▶ Supplied material
----
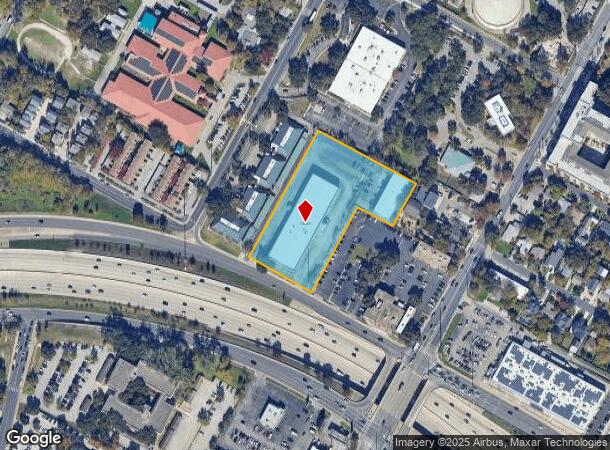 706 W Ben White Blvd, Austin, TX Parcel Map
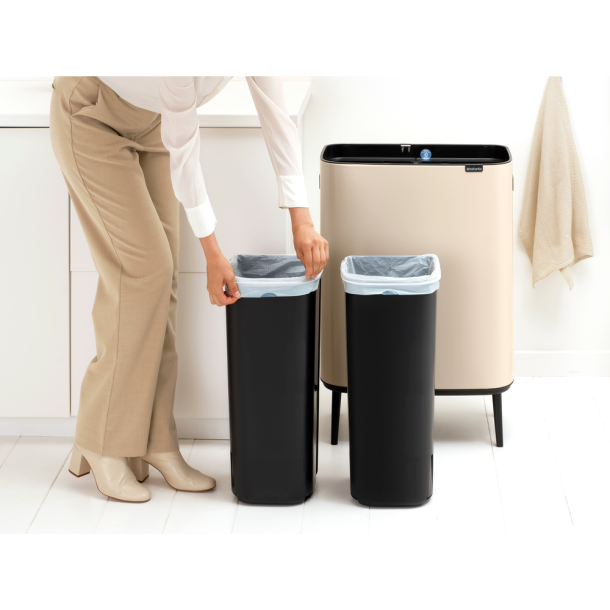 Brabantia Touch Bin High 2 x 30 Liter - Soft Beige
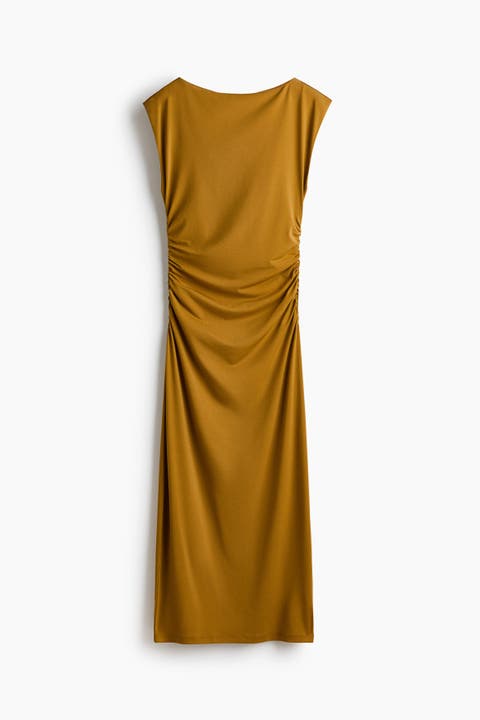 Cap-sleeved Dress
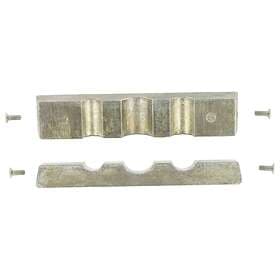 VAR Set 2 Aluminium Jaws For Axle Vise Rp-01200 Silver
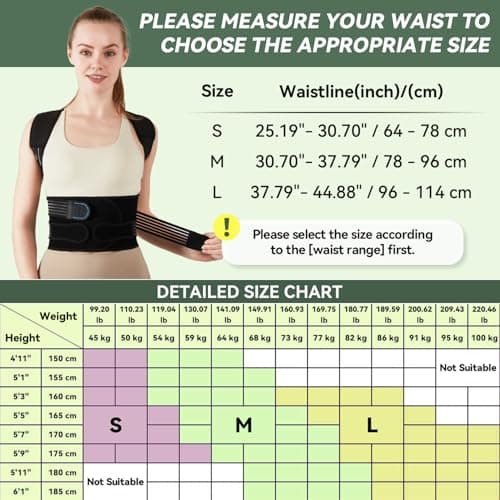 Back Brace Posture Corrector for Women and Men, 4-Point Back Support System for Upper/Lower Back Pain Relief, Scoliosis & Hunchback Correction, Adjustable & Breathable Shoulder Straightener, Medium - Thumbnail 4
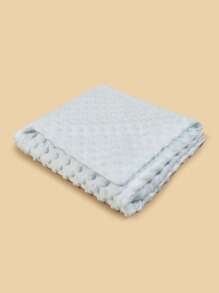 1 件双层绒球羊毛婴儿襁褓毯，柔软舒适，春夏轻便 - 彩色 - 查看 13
----
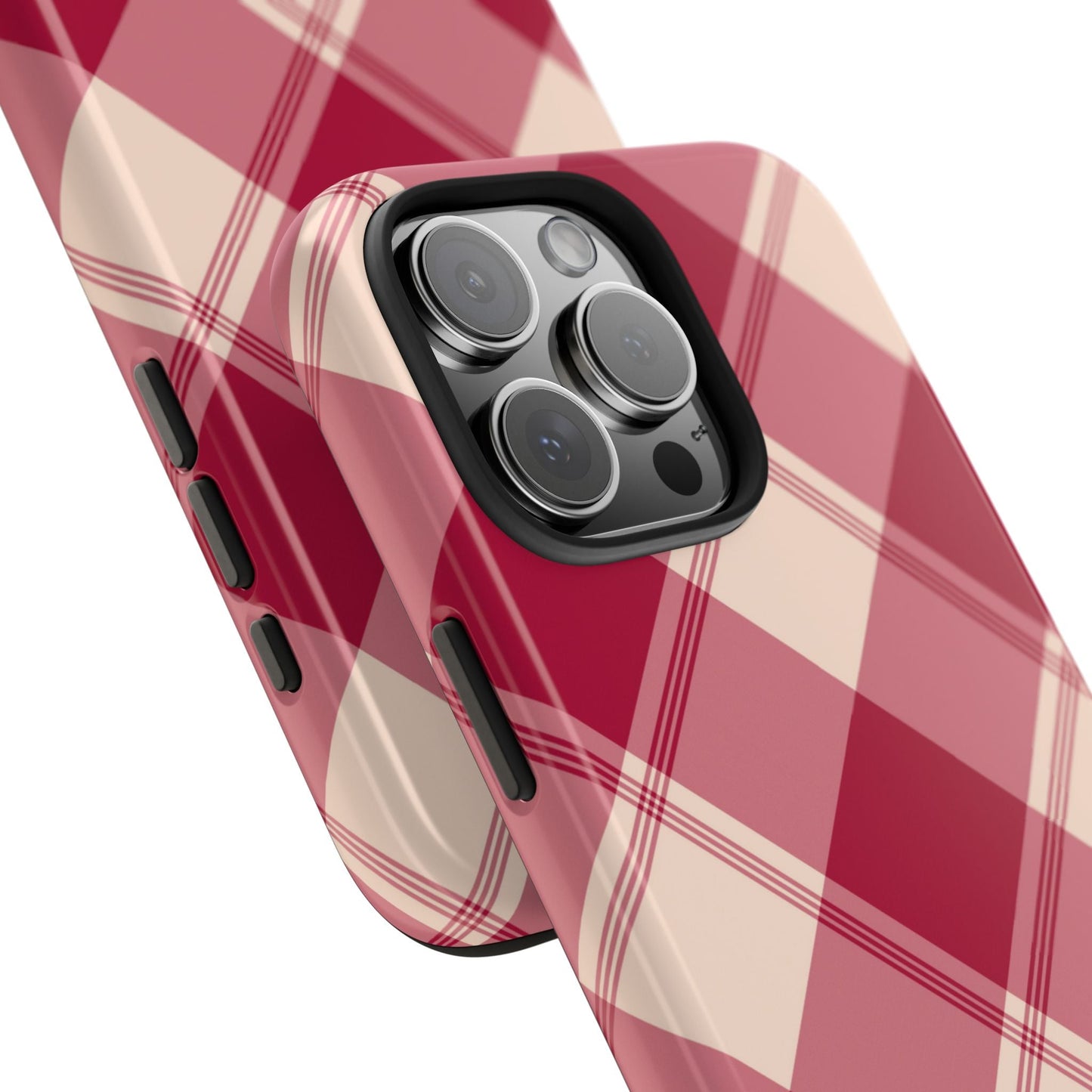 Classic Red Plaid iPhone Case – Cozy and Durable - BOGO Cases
----
▶ What is required
Look through the listing above for the line with "706 W Ben White Blvd, Austin, TX Parcel Map" and the line with "1 件双层绒球羊毛婴儿襁褓毯，柔软舒适，春夏轻便 - 彩色 - 查看 13". Write out exactly those lines and everything between, leaving out pictures.

▶ Written solution
 706 W Ben White Blvd, Austin, TX Parcel Map
 Brabantia Touch Bin High 2 x 30 Liter - Soft Beige
 Cap-sleeved Dress
 VAR Set 2 Aluminium Jaws For Axle Vise Rp-01200 Silver
 Back Brace Posture Corrector for Women and Men, 4-Point Back Support System for Upper/Lower Back Pain Relief, Scoliosis & Hunchback Correction, Adjustable & Breathable Shoulder Straightener, Medium - Thumbnail 4
 1 件双层绒球羊毛婴儿襁褓毯，柔软舒适，春夏轻便 - 彩色 - 查看 13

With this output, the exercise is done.